Even if stop-and-frisk policies respected American liberties, they fail to substantially decrease crime. A University of Pennsylvania study found that although greater police presence in New York City reduced crime rates, the officers’ extensive use of stop-and-frisk was not related to the observed decrease in crime. If police departments favored more focused and investigative solutions for limiting crime, they could effectively keep cities safe rather than conducting stops where it is difficult to find strong evidence of suspicion.

More importantly, the policy’s definition of “reasonable suspicion” has not been sufficiently defined to prevent stops of people on baseless observations, making it impossible to implement without error or bias causing violations of rights. According to the Center for Constitutional Rights, the New York Police Department failed to completely avoid making suspicionless stops despite its agreement to keep data on how stops-and-frisks were conducted. Moreover, any possible biases that police may have—even minimal ones—may contribute to finding suspicion in a disproportionate number of people from certain races or groups and failing to find it in others. Thus, impartially and reasonably using this tactic to prevent crime is impossible; it will inevitably abandon the principles of equal treatment written into American law.

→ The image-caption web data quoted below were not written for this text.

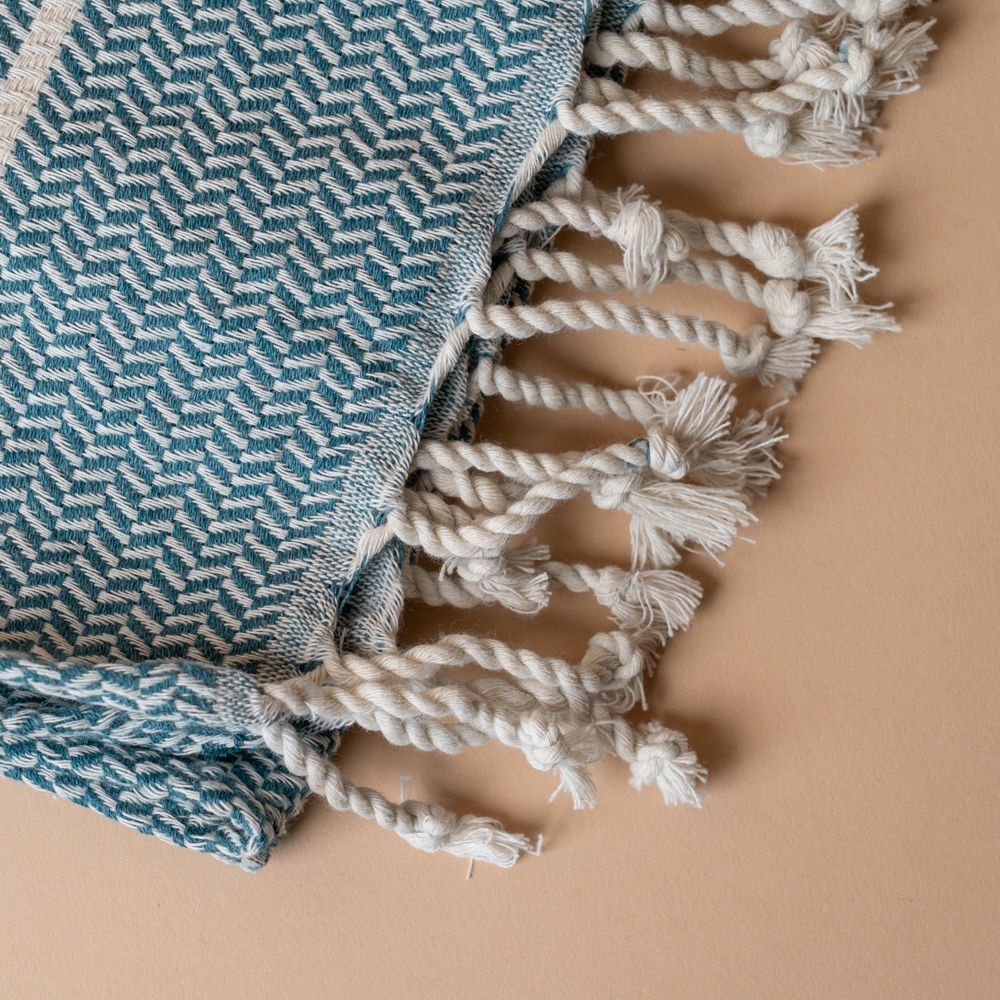 Striped Turkish Hand Towel with Tassel hand towel Pokoloko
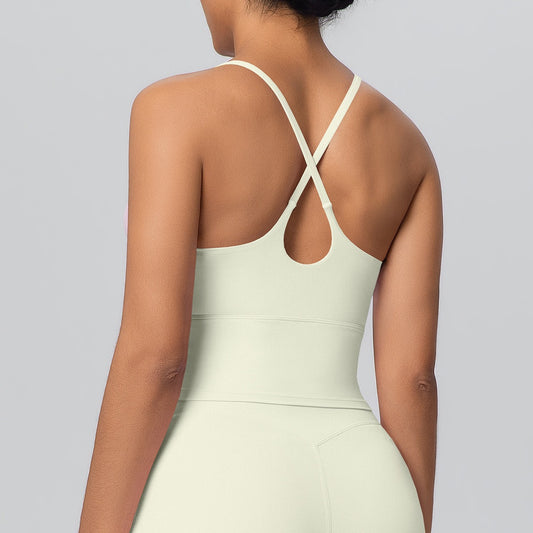 white cross-back longline yoga tank for women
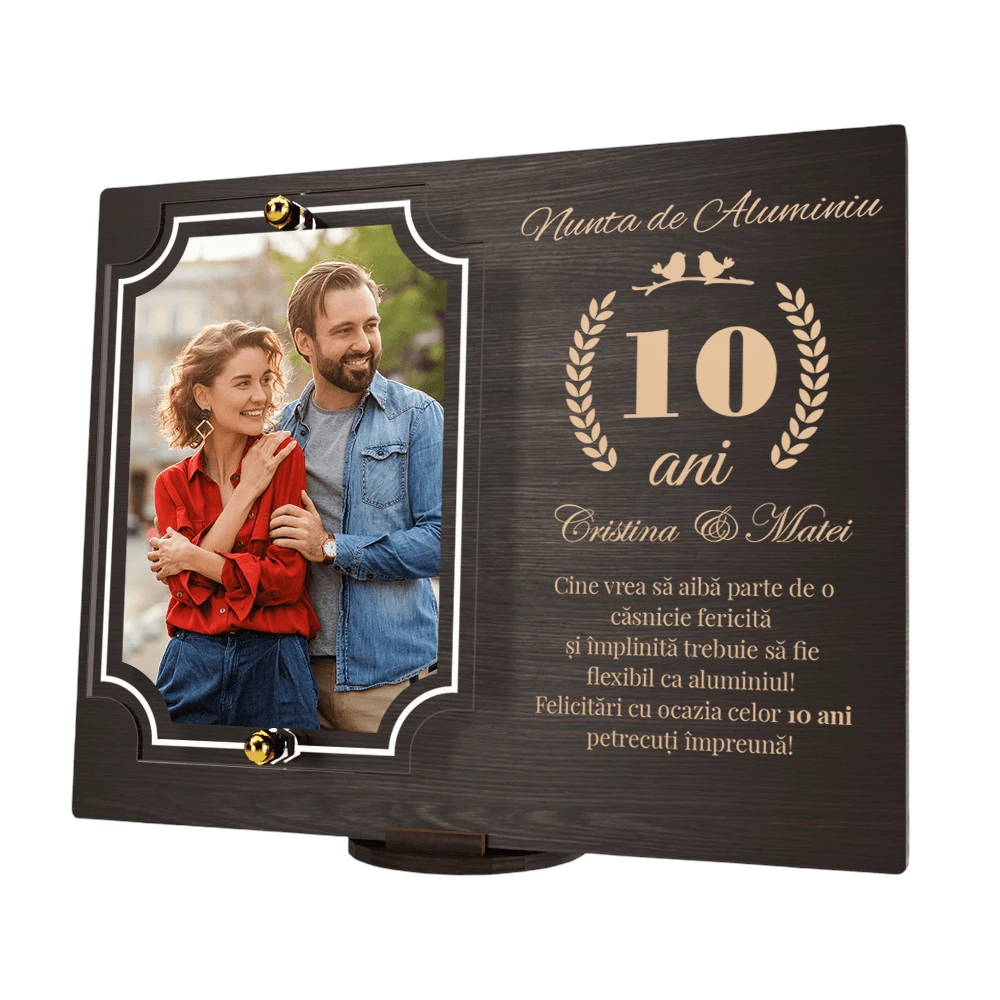 Placheta personalizata aniversare 10 ani – Nunta de aluminiu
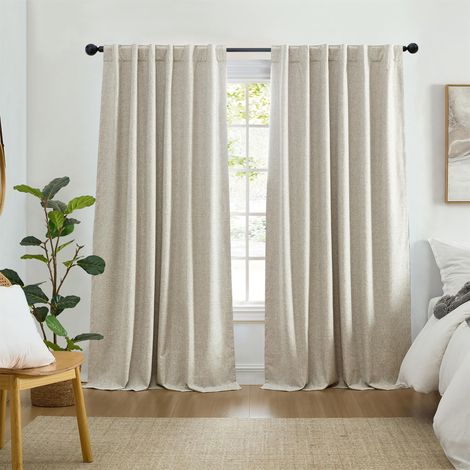 Rideau de fenêtre 100% occultant, économe en énergie, Texture Solide avec Passe-Tringle/Pattes arrière pour Salon, Chambre, Bureau à Domicile, 132,1 x 213,4 cm, Lin (1/5)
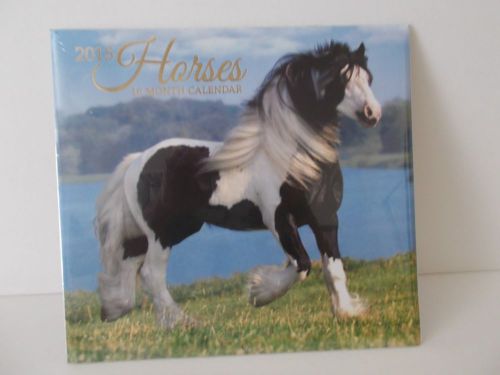 2015 16 Month &#034;Horses&#034; 11&#034;x 12&#034; Closed Wall  22&#034;x12&#034; Open Calendar NEW &amp; SEALED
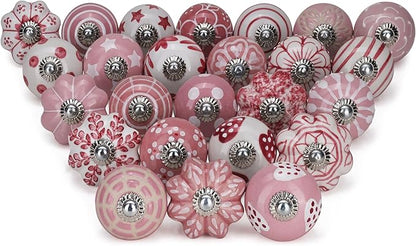 Assorted Cabinet Knobs Mandala Ceramic Door Knobs Colorful Kitchen Furniture Drawers Knobs for Cabinets Kitchen Furniture Drawers Interior Décor Wardrobe-Pack of 12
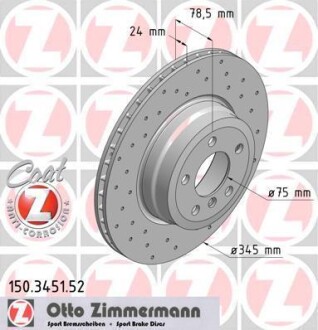 Диск тормозной ZIMMERMANN 150345152 (фото 1)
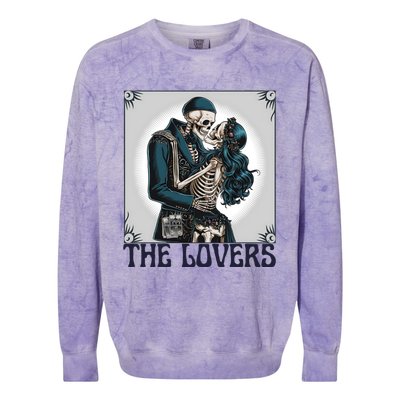 Lovers Vintage Tarot Card Ing Skeleton Astrology Skull Meaningful Gift Colorblast Crewneck Sweatshirt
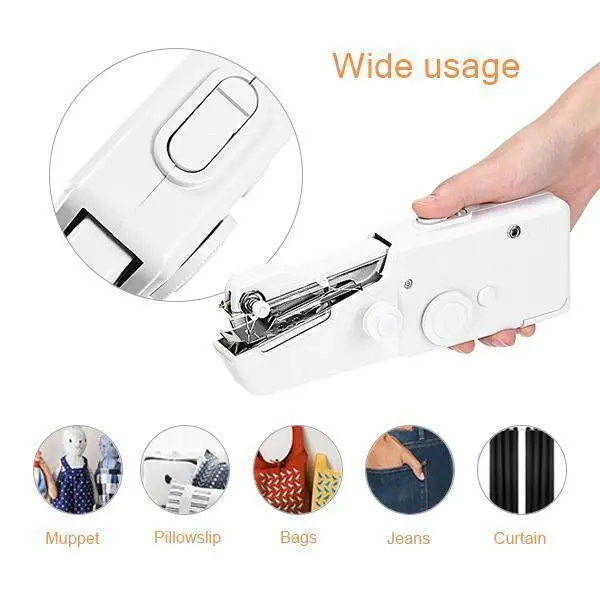 Portable Handheld Sewing Machine - Beginner & Home Sewing Machine for Adults, Plastic-Body with Electronic Components, Essential for Quick Fabric Repairs & Small Stitching Tasks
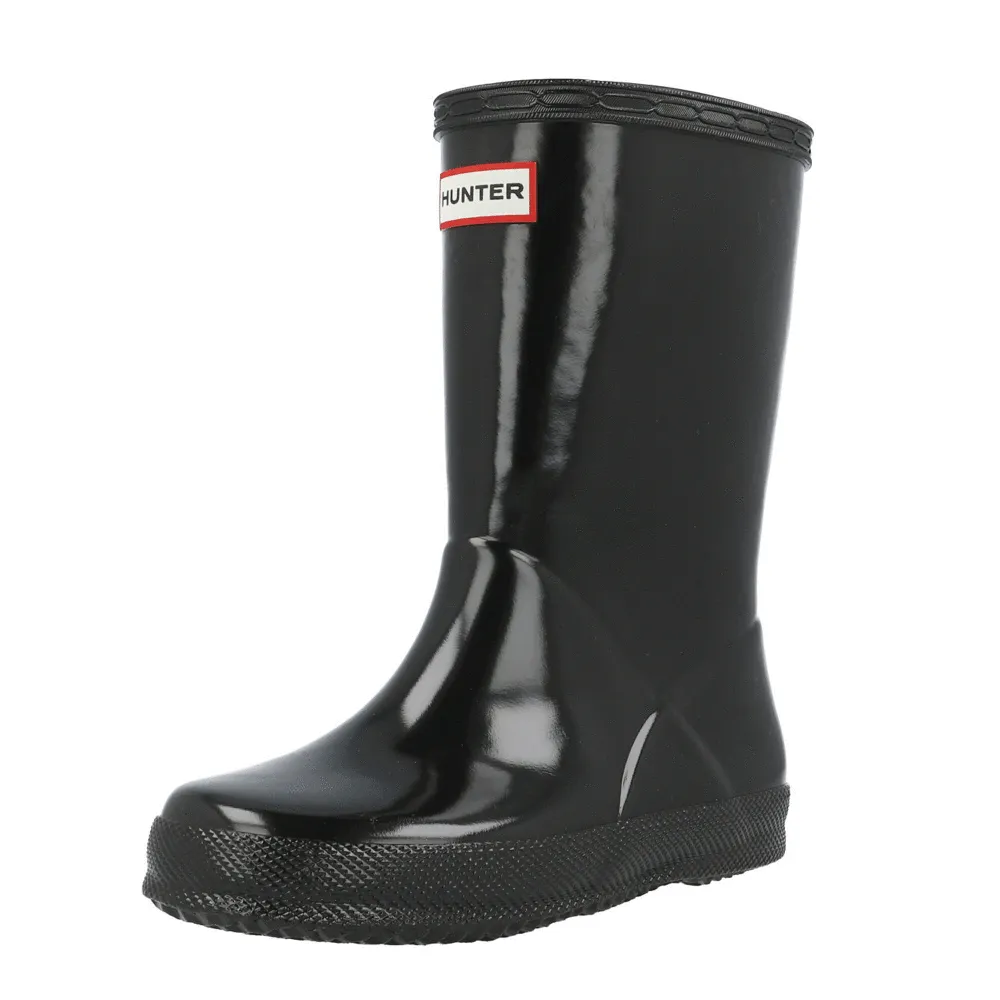 Hunter Kids First Gloss Black Wellies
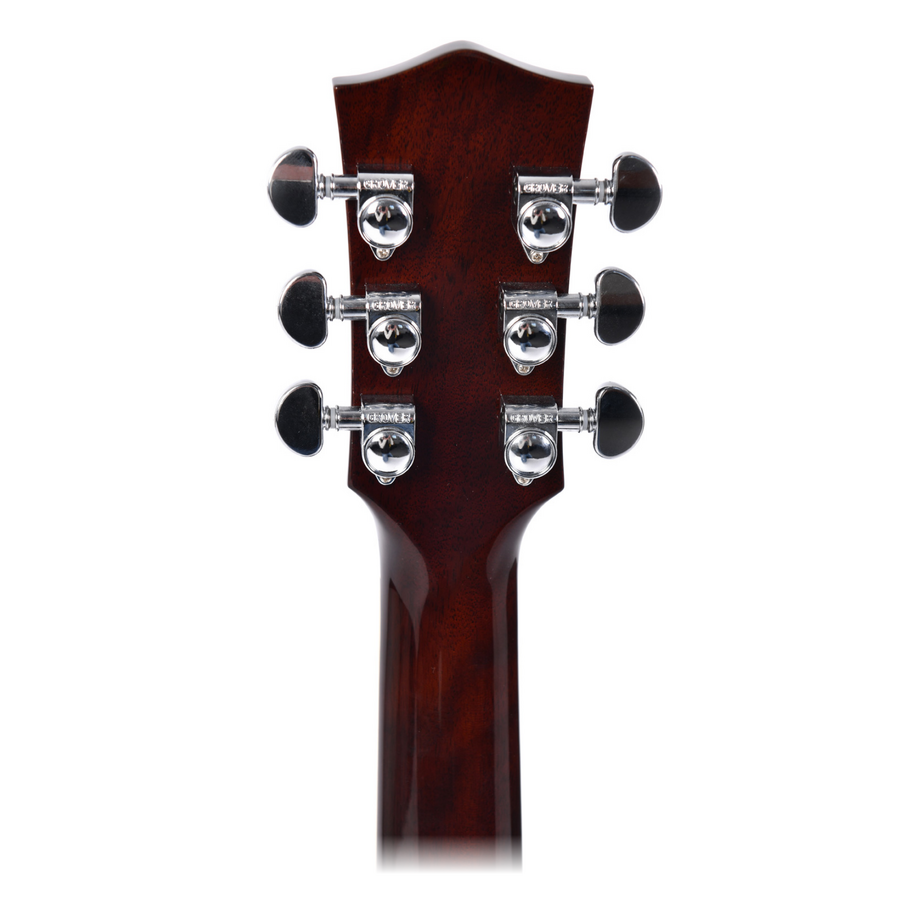 Sigma DM-SG5 Hummingbird dreadnought acoustic guitar showing the front view with rich wood finish and detailed sound hole design.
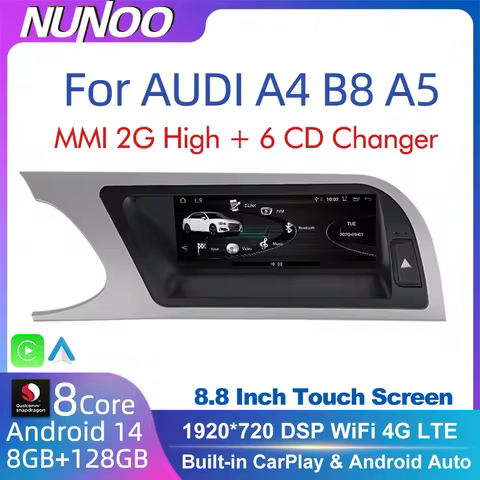 CarPlay 适用于奥迪 A4 B8 A5 2008 2009 2010 MMI 2G 高 CD 换碟机 Android 14 8+128GB 汽车多媒体播放器立体声 GPS 导航屏幕
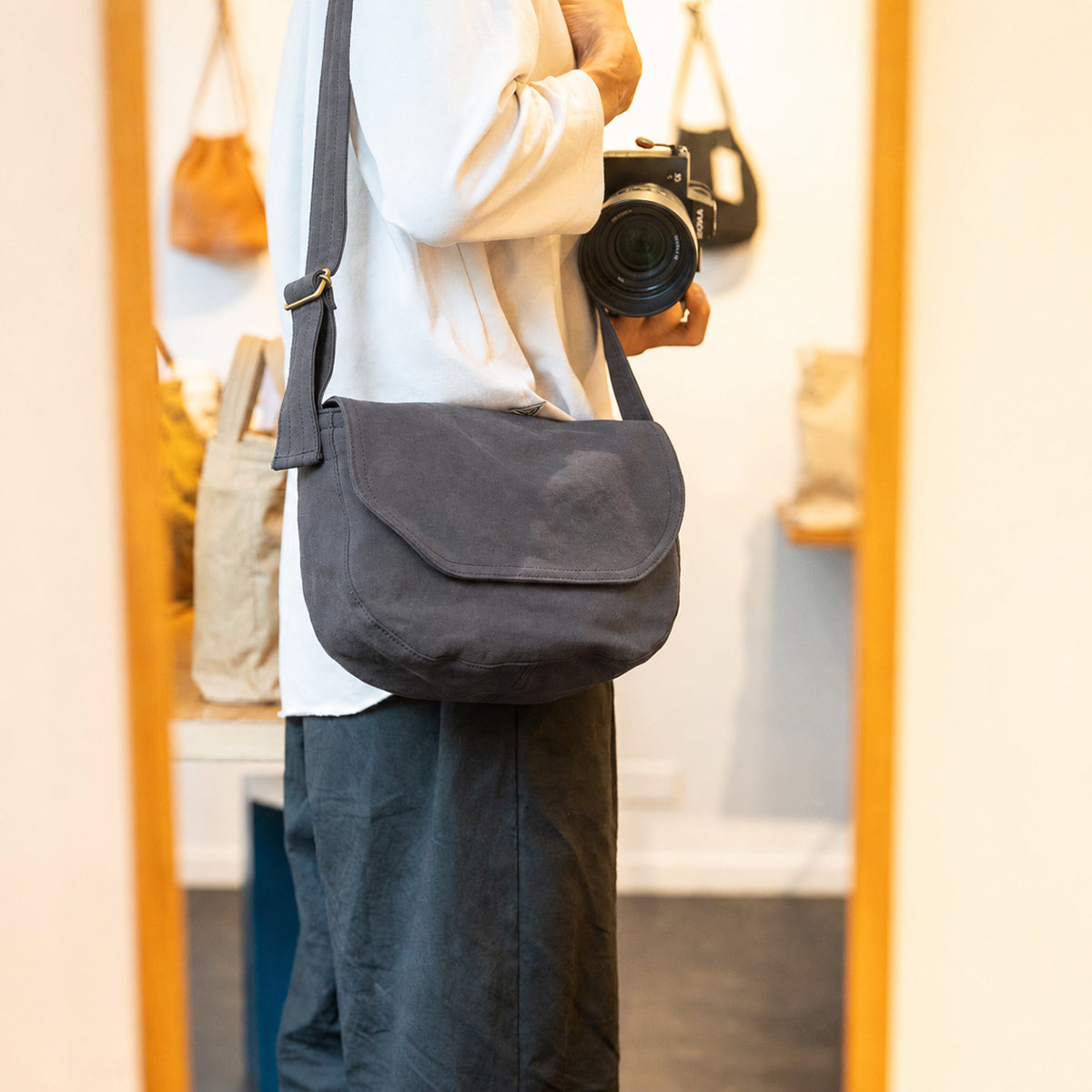 FLAP SHOULDER - charcoal gray -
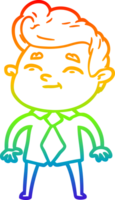 rainbow gradient line drawing of a happy cartoon man png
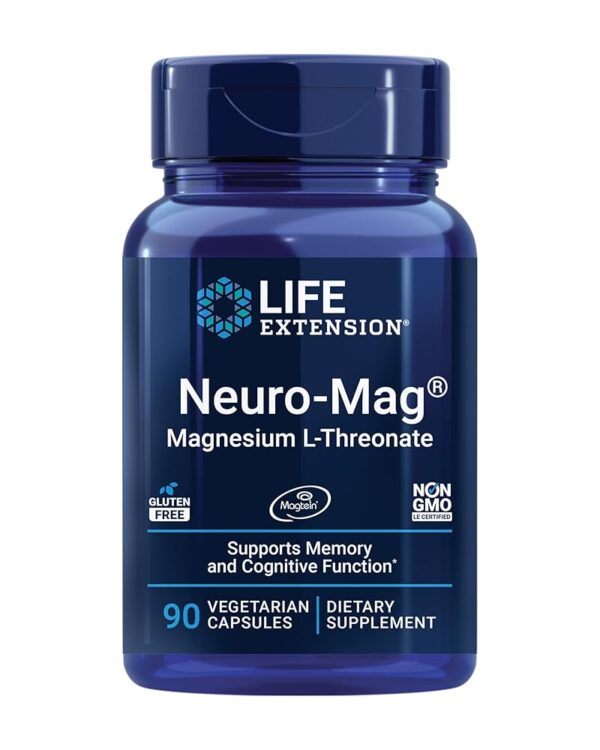 Life Extension Neuro-mag Magnesium L-threonate, Magtein, Magnesium Supplement, Brain Health, Memory & Attention, Gluten Free, Vegetarian, Non-GMO, 90 Vegetarian Capsules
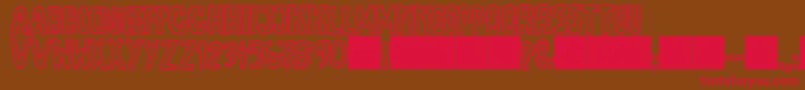 JmhEscamasOut-Schriftart – Rote Schriften auf braunem Hintergrund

The fact that stops-and-frisks have such clear potential to trammel the natural freedoms of the people makes this policy an excessive infringement upon the lives of Americans; thus, it is unacceptable in national law regardless of its effects. For example, in Floyd v. City of New York, NYPD stop-and-frisk practices were found to violate the Fourth Amendment. Upon observation of the circumstances of the case, however, this result seems inevitable in any region where police have implemented this policy due to lack of criteria for a “reasonable” search. The abuses of power that can arise—and have arisen—from routine stops-and-frisks cannot be tolerated in a nation that prioritizes protecting personal liberties.

Eliminating the power in policing to stop and frisk individuals is necessary to not only focus law enforcement efforts on efficient methods for reducing crime, but also to prevent the breaches of personal freedom that it has caused. The goal of policing should be protecting the people, rather than concentrating power in systems that can easily use it to infringe upon American values of liberty and independence.